PROBLEM:
Your answer must be an exact transcription of every record below, with the pictures omitted.

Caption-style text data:

···

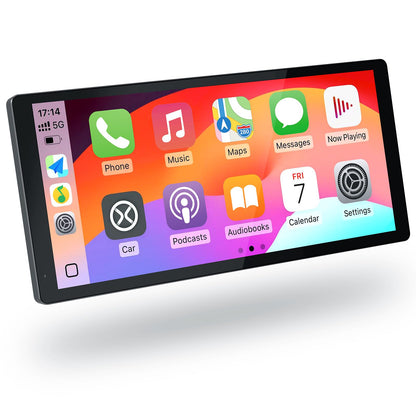 Wireless Carplay Screen for Car, 10.3'' Portable CarPlay & Android Auto Touchscreen, with 60Fps,1600 * 720 Ultra High Resolution, Support Steering Wheel Control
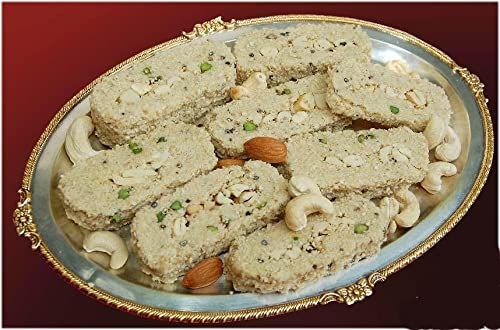 Manohar Lal Daulat Ram Garg Shahi Dry Fruit Sugar Gazak -1 KG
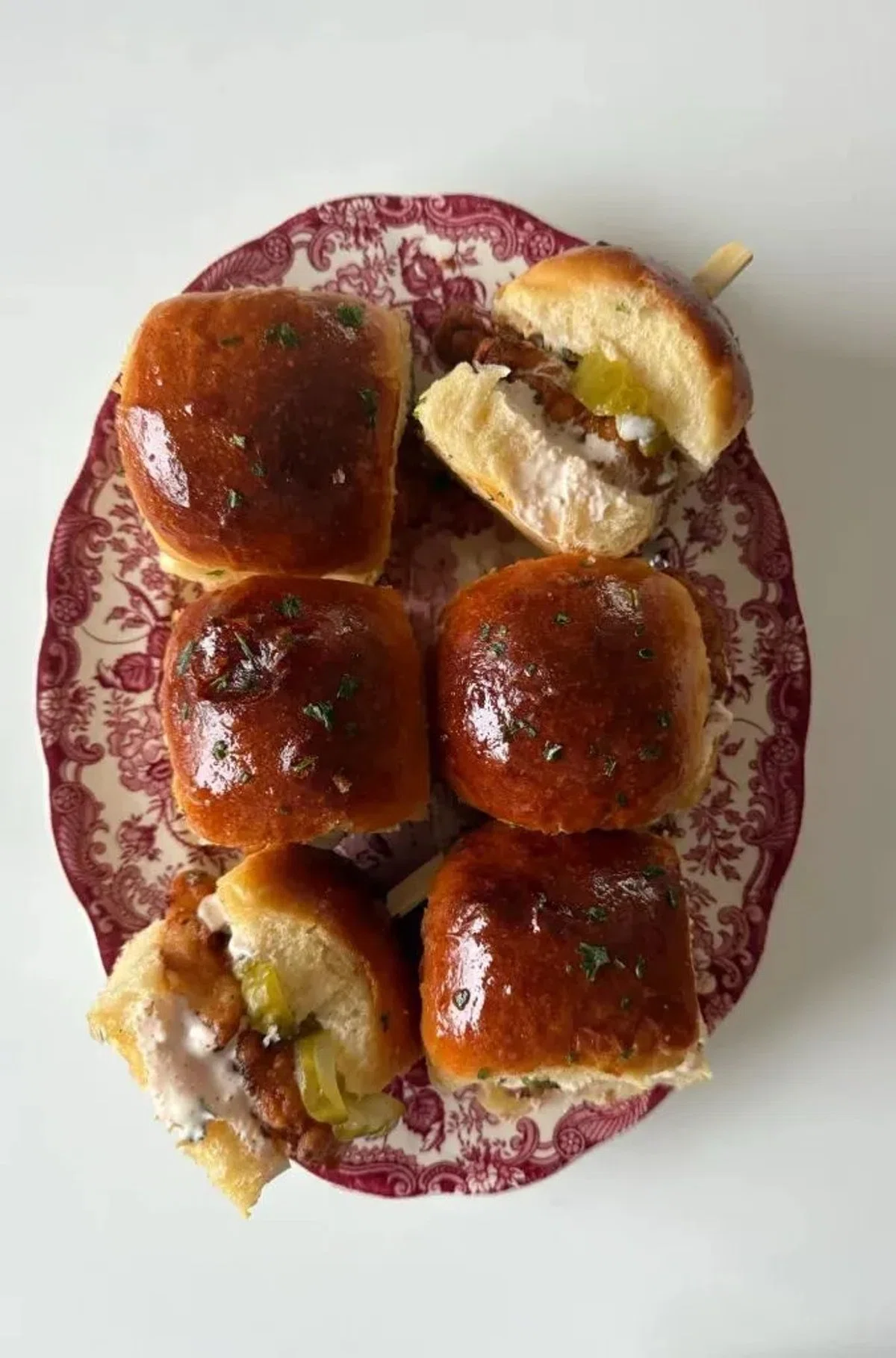 Hot Honey Chicken Sliders with Homemade Hawaiian Rolls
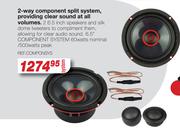 Reference Audio 2 Way Component Split System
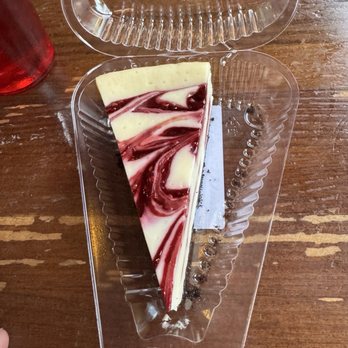 Little Slice Of Hell Cheesecakes - Raspberry marble - Bakeries Near Me - Bend, Oregon Little Slice Of Hell Cheesecakes - Raspberry marble - Bakeries Near Me - Bend, Oregon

···

TASK OUTPUT:
 Wireless Carplay Screen for Car, 10.3'' Portable CarPlay & Android Auto Touchscreen, with 60Fps,1600 * 720 Ultra High Resolution, Support Steering Wheel Control
 Manohar Lal Daulat Ram Garg Shahi Dry Fruit Sugar Gazak -1 KG
 Hot Honey Chicken Sliders with Homemade Hawaiian Rolls
 Reference Audio 2 Way Component Split System
 Little Slice Of Hell Cheesecakes - Raspberry marble - Bakeries Near Me - Bend, Oregon Little Slice Of Hell Cheesecakes - Raspberry marble - Bakeries Near Me - Bend, Oregon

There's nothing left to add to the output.